Alors que les frais de défense encourus montent à près de 140 000 $, la municipalité vote une résolution pour arrêter de payer les frais de défense du demandeur, d’où le recours de ce dernier :

[49] Dans le présent cas, la Municipalité soutient que les frais engagés ne sont plus raisonnables, notamment au sens de l’article 18 du Code de procédure civile.

[50] Elle a raison.

[51] Comment justifier en l’espèce qu’il est raisonnable de dépenser 22 000 $ pour la mise en état du dossier et l’audition du second pourvoi en contrôle judiciaire alors que le demandeur a déjà dépensé 139 515,28 $ ?

(…)

[55] Le Tribunal ne remet pas en question le fait que les honoraires ont été facturés correctement pour des services effectivement rendus par les avocats du demandeur. Il ne suffit pas de démontrer que les honoraires facturés relèvent du travail effectué ou que ce travail a été utile, il faut démontrer que les honoraires sont raisonnables et proportionnels dans les circonstances.

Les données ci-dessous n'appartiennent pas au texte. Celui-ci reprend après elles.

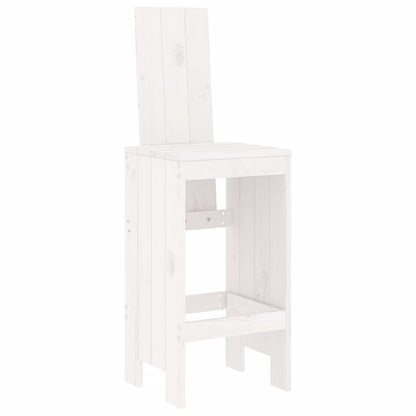 White Solid Wood Pine Bar Stools, Set of 2 - 40x42x120 cm
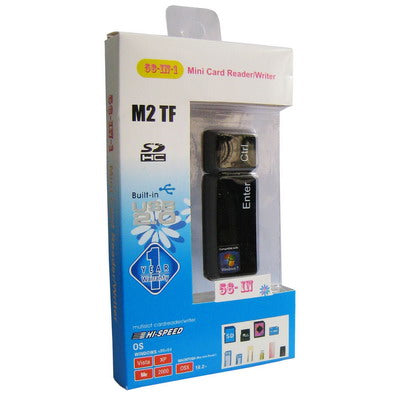Mini Card Reader / Writer, Support Card: SD/MMC, MS, TF, M2(Black)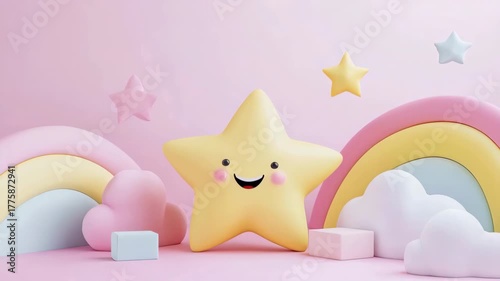 Cute smiling star plush toy with pastel rainbow cloud and heart shapes in soft pink background evoking playful dreamy nursery decor scene with soft plush texture gentle lighting and decorative blocks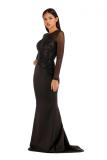 Wine Red Fashion adult Celebrities Cap Sleeve Long Sleeves O neck Mermaid Floor-Length Sequin Patch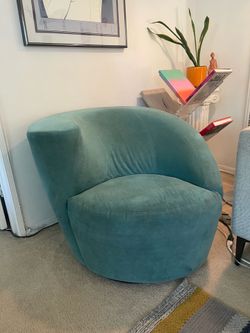 Vladimir Kagan-Style Nautilus Swivel Lounge Chair – Seafoam Microsuede
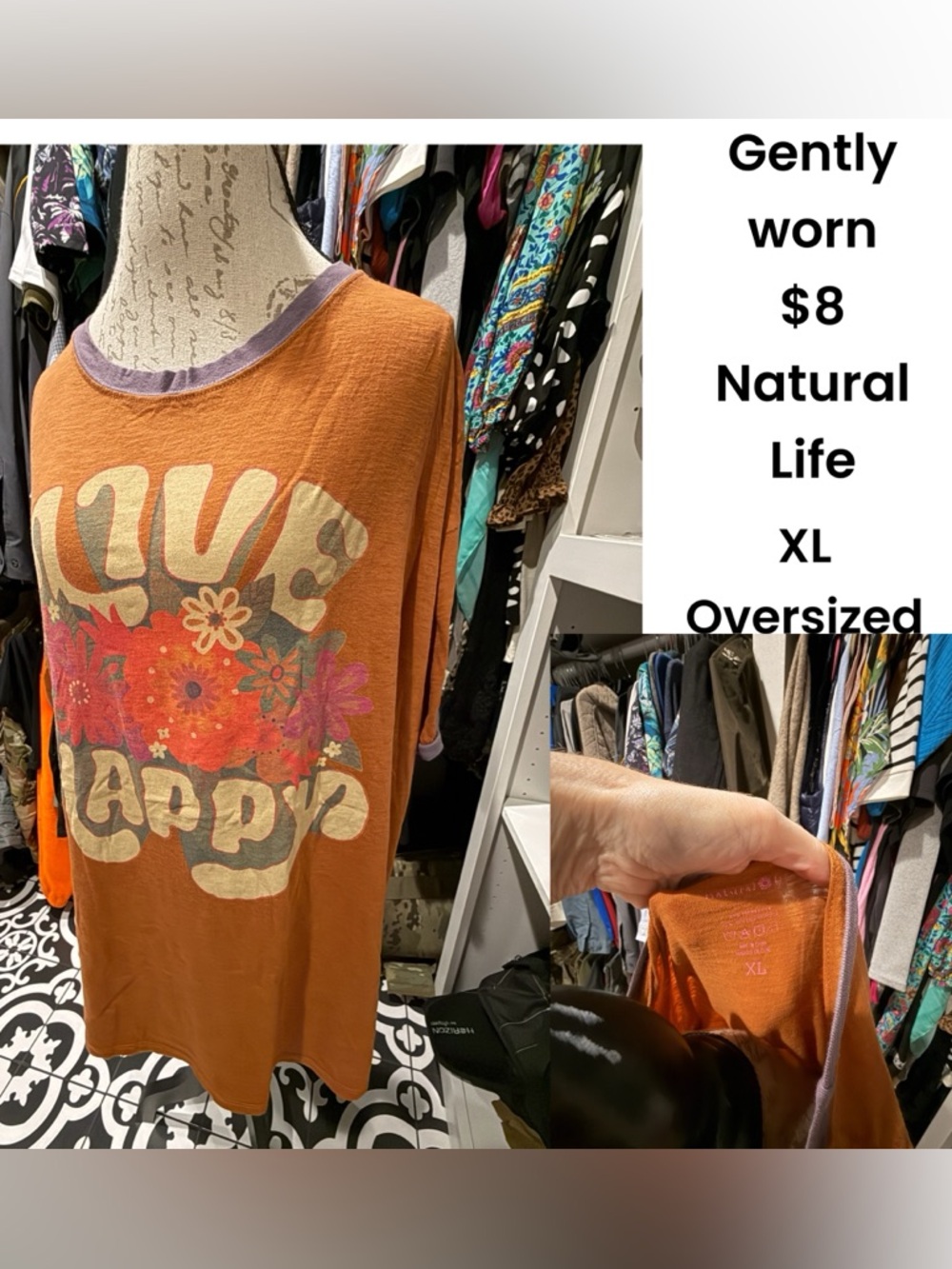 NATURAL LIFE Orange Floral "Live Happy" Oversized Sweatshirt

[56] En prenant en compte de l’objet du litige, replacé dans le contexte général du dossier et du fait que le demandeur a dépensé à ce jour 139 515,28 $, il ne serait aucunement raisonnable et proportionnel de dépenser une somme additionnelle de 22 000 $ de deniers publics pour éviter au demandeur de rembourser 913,07 $.

L’article 711.19.1 CM vise donc à protéger les élus et les fonctionnaires et non pas à leur permettre de subventionner indéfiniment un litige à même les deniers publics.

Il est ici intéressant de constater que la Cour supérieure ne remet pas en question le taux horaire ou les heures travaillées par l’avocat du demandeur, mais plutôt la proportionnalité des sommes investies relativement au enjeux du dossier.

Ceci étant, nous concevons parfaitement que la municipalité pourrait refuse de payer des factures dont le taux horaire est déraisonnable vu les circonstances ou encore que des heures et des frais sont inutilement facturés.